Occidental relies on oil and gas production for its income without operating refineries like Exxon (NYSE:XOM). Elevating its operations in the Permian Basin, the company is expected to deploy its take on lowering its carbon footprint with the STRATOS direct air capture technology.
The project is worth $1.3 billion and is supported by BlackRock (NYSE:BLK), aiming to capture 500,000 tonnes of CO2 annually. On February 15th, Occidental released its Q4 ‘23 earnings, showing strong operating cash flow of $3.2 billion. The company’s production volume increased to 1,223 MBOE/D from the year-ago quarter of 1,159 MBOE/D.
Occidental’s earnings per share (EPS) decreased from $12.40 in December 2022 to $3.90 EPS in December 2023, which is expected given oil and gas price fluctuations. Despite this, Occidental increased its quarterly dividend payout by 22% to $0.22 per share, now delivering an annual dividend of $0.72 at dividend yield of 1.19%.
Based on 21 analyst inputs pulled by Nasdaq, OXY stock is a “buy.” The average OXY price target is $67.6 vs the current $59.56. The high estimate is $80, while the low forecast is above the present price level at $60 per share.
3. Rivian Automotive, Inc.
Although overshadowed by Tesla (NASDAQ:TSLA), Rivian Automotive (NASDAQ:RIVN) occupies a strong market niche in large SUVs and pickup trucks. Over the years, SUVs have become increasingly popular due to their large mass helping passengers survive crashes that would otherwise be fatal.
With this physics advantage, SUVs dominate the US car market, accounting for 80% of new sales in 2022, according to the Federal Highway Administration. Rivian is yet to reveal its latest R2 model on March 7th.
Since the December coverage of Rivian, RIVN stock went down from $22.73 to $15.66, fulfilling the analysts’ low forecast. The company produced 50,122 EVs for the full year, having outpaced its production guidance of 54,000 units.

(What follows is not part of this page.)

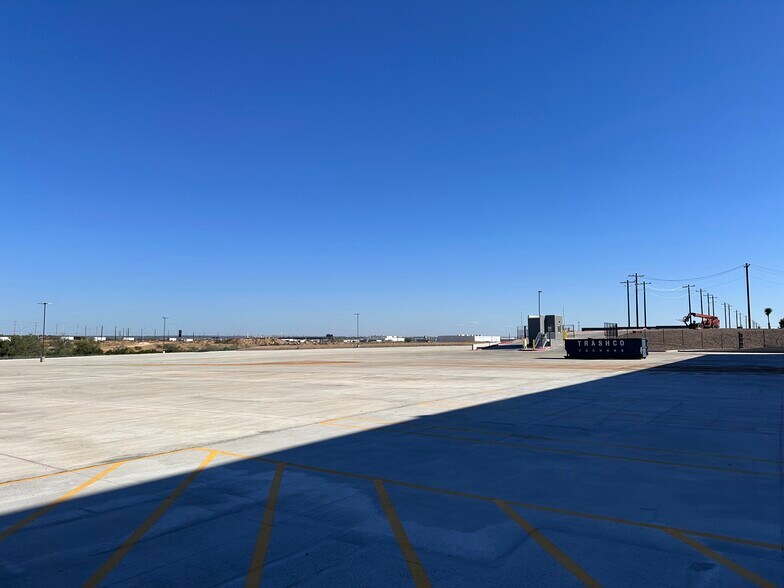 More Photos Of 19926 Kraus Lp, Laredo Distribution For Sale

Rivian will release its financial results for Q4 tomorrow, February 21st.
Twelve months ahead, based on 23 analyst inputs pulled by Nasdaq, the average RIVN price target is now lower at $22.46 but still a “strong buy.” The high estimate is $36 per share, while the low forecast is aligned with the present price of $15.89 per share.
Neither the author, Tim Fries, nor this website, The Tokenist, provide financial advice. Please consult our website policy prior to making financial decisions.